>>>
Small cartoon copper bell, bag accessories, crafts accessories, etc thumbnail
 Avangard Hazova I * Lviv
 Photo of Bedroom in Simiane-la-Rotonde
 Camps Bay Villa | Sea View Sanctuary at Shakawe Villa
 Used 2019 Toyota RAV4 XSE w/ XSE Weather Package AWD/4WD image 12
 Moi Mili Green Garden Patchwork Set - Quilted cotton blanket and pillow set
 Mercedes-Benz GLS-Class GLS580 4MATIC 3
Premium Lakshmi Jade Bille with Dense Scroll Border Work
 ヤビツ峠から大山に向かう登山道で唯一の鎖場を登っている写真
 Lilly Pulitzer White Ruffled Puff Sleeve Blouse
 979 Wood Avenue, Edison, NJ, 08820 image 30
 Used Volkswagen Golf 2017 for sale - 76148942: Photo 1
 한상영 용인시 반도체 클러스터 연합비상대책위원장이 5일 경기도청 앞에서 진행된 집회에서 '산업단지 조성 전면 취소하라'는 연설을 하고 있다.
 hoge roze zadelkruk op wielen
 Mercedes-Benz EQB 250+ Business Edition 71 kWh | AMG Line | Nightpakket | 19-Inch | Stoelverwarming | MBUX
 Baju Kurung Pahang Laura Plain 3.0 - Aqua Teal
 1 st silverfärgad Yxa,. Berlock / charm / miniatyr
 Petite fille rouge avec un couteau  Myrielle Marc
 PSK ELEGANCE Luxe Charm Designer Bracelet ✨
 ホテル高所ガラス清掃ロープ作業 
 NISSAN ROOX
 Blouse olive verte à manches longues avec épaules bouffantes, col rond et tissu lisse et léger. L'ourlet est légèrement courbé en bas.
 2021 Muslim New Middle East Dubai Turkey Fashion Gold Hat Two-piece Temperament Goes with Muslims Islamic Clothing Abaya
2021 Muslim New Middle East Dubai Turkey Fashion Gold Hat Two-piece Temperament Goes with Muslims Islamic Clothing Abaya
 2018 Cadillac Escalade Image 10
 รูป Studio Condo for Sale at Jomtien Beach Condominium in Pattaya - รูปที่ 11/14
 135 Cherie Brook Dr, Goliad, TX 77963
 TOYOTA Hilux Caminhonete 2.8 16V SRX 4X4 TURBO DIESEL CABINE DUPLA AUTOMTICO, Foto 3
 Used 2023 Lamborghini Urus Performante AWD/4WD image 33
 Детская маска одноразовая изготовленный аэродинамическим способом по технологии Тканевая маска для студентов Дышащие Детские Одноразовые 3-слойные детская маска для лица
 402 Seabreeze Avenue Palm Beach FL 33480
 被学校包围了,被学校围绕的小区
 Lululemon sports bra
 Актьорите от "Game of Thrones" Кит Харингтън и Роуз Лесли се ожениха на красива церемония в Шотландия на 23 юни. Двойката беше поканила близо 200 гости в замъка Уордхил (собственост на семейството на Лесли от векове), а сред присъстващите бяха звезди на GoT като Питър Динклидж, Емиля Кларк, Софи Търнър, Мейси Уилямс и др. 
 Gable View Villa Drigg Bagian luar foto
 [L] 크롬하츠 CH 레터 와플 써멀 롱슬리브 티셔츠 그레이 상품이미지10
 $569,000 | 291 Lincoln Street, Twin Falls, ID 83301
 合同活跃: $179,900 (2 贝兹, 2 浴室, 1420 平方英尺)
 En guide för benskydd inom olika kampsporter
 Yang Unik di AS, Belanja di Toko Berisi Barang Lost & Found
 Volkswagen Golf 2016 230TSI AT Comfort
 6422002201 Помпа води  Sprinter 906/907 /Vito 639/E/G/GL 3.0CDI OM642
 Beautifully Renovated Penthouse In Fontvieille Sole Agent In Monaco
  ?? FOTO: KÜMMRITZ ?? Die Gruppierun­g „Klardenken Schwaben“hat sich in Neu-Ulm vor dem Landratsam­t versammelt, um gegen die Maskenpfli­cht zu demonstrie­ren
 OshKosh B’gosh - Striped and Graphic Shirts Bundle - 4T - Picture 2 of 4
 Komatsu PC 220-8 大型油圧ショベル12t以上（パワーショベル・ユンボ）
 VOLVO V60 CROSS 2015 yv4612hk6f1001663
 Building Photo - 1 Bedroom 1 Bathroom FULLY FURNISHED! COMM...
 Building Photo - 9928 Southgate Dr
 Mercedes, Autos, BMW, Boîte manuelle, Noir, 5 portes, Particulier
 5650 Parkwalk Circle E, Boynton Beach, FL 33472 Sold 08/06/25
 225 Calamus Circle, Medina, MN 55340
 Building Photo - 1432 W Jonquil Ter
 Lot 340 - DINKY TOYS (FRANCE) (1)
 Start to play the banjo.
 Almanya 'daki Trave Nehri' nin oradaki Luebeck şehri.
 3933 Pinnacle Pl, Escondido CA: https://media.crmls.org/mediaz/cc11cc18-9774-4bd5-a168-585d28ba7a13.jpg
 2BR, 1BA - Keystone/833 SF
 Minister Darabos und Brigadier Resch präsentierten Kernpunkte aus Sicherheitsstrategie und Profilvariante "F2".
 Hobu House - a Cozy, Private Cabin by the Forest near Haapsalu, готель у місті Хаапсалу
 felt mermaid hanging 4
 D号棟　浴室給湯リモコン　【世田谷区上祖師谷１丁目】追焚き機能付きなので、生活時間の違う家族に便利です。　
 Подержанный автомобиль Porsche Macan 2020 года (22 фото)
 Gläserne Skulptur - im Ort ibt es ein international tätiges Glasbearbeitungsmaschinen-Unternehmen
<<<
> _Exercise prompt_: For this exercise, repeat exactly the lines of the data above from the one with "Petite fille rouge" down to the one with "TOYOTA Hilux Caminhonete", both end lines included.

> _Task answer_:
 Petite fille rouge avec un couteau  Myrielle Marc
 PSK ELEGANCE Luxe Charm Designer Bracelet ✨
 ホテル高所ガラス清掃ロープ作業 
 NISSAN ROOX
 Blouse olive verte à manches longues avec épaules bouffantes, col rond et tissu lisse et léger. L'ourlet est légèrement courbé en bas.
 2021 Muslim New Middle East Dubai Turkey Fashion Gold Hat Two-piece Temperament Goes with Muslims Islamic Clothing Abaya
2021 Muslim New Middle East Dubai Turkey Fashion Gold Hat Two-piece Temperament Goes with Muslims Islamic Clothing Abaya
 2018 Cadillac Escalade Image 10
 รูป Studio Condo for Sale at Jomtien Beach Condominium in Pattaya - รูปที่ 11/14
 135 Cherie Brook Dr, Goliad, TX 77963
 TOYOTA Hilux Caminhonete 2.8 16V SRX 4X4 TURBO DIESEL CABINE DUPLA AUTOMTICO, Foto 3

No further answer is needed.